To HomePage
Introduction to R
History of S and R
- Predecessors of R are S (sometimes called Old S), New S, and S-Plus.
- S was created by Rick Becker, John Chambers, Douglas Dunn, Paul Tukey,
Graham Wilkinson at Bell Labs in 1975. It was inspired by the computer languages Scheme
and APL, but the syntax of S is most similar to C.
- Early versions of S were written in Fortran.
- In 1980, the first version of S was distributed outside of Bell Labs.
- By 1988, many changes had been made to S. In that year, the book entitled The New S Language was published by
Becker, Chambers, and Wilks, that described these changes.
- S-Plus was a commercial implementation of S, that was first produced by a Seattle startup company in 1988. This startup company
was Statistical Sciences, Inc., and was started by Douglas Martin of the University of Washington.

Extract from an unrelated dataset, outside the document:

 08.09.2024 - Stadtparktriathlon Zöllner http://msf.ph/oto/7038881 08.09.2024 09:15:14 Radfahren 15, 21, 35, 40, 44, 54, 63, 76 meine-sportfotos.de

- R is a public domain version of S, first developed by Ross Ihaka and Robert Gentleman at the University of Auckland, New Zealand,
in 1997. The name R was partly chosen for the first names of the developers, and was partly
as a play on S.
- R is very good for interactive analysis and also as a programming language for customizing and extending statistical
procedures. R is not as good as SAS for producing well layed out reports that present results of a statistical analyses.
- Many persons and groups have contributed R packages.
- The current number of R users is estimated to be about 100,000.
Installing R
- Download R from
or from one of the sites on
- Double click on the installation file R-2.15.2-win32.exe to install R.
- The R software will be installed in the new folder c:\Program Files\R.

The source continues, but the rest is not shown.